LOS ANGELES (Reuters) - The father of teen star Miley Cyrus said the Disney TV show "Hannah Montana" that made her a worldwide star, in truth destroyed his family, and he blamed it for sending his daughter out of control.
Country singer Billy Ray Cyrus said he was scared for 18 year-old Miley after a series of scandals including an infamous video last year which showed her getting high on the psychedelic herb salvia.
And he said he wished that "Hannah Montana" had never happened.
"The damn show destroyed my family," Cyrus told GQ magazine in an interview for its March edition. "I'd take it back in a second. For my family to be here and just everybody be okay, safe and sound and happy and normal would have been fantastic. Heck, yeah. I'd erase it all in a second if I could."
Cyrus, 49, played father to his daughter on "Hannah Montana" -- a wholesome Disney Channel show about a normal teenager by day but a singing star at night -- that launched Miley Cyrus as a teen idol and top-selling recording artist.
"Hannah Montana" launched in 2006 and ended after four seasons in January 2011.
Last October, the "Achy Breaky Heart" singer filed for divorce from his wife Tish after a 17-year marriage.
Cyrus compared his daughter's current situation to celebrities like Kurt Cobain, Anna Nicole Smith and Michael Jackson, who all died in tragic circumstances.
"I'm scared for her," Cyrus said of Miley. "She's got a lot of people around her that's putting her in a great deal of danger. I know she's 18 but I still feel like, as her daddy, I'd like to try to help. Take care of her just a little bit, to at least get her out of danger.
"I want to get her sheltered from the storm. Stop the insanity for a minute. When you go through what she's been through, it takes a beating on you," he said.
Cyrus carried out the GQ interview in December, shortly after home video of Miley Cyrus hit the Internet smoking the hallucinogenic herb salvia at a private party with friends just days after her 18th birthday.
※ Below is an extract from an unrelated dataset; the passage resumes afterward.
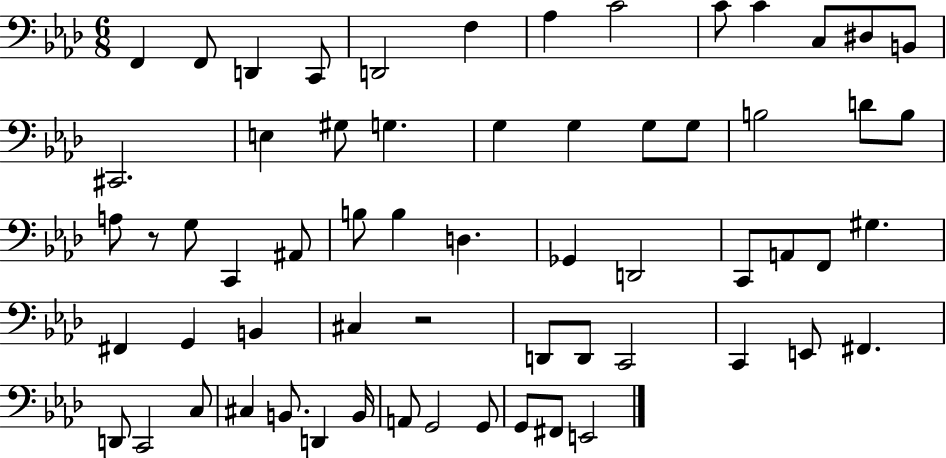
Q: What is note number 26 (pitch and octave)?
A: G3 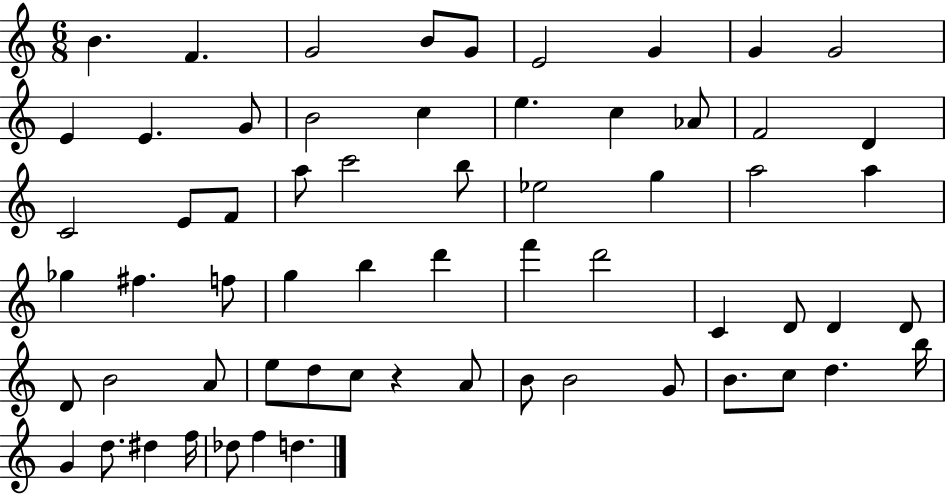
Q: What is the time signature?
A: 6/8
The herb is not illegal in California, but the images of Miley Cyrus giggling about tripping capped a year in which she has thrown aside her once squeaky-clean image with raunchy pop videos and scantily-clad live performances.
Miley Cyrus last week expressed regret over the salvia incident, saying she had made a mistake and had disappointed her mostly young fans. She is due to host TV sketch show "Saturday Night Live" for the first time next month.
Billy Ray Cyrus, best known for his 1990s country music albums, said he wished he had been a better parent to Miley and disciplined her more, rather than wanting to be her friend.
"I should have said, 'Enough is enough -- it's getting dangerous and somebody's going to get hurt'. I should have but I didn't. Honestly I didn't know the ball was out of bounds until it was way up in the stands somewhere," he said.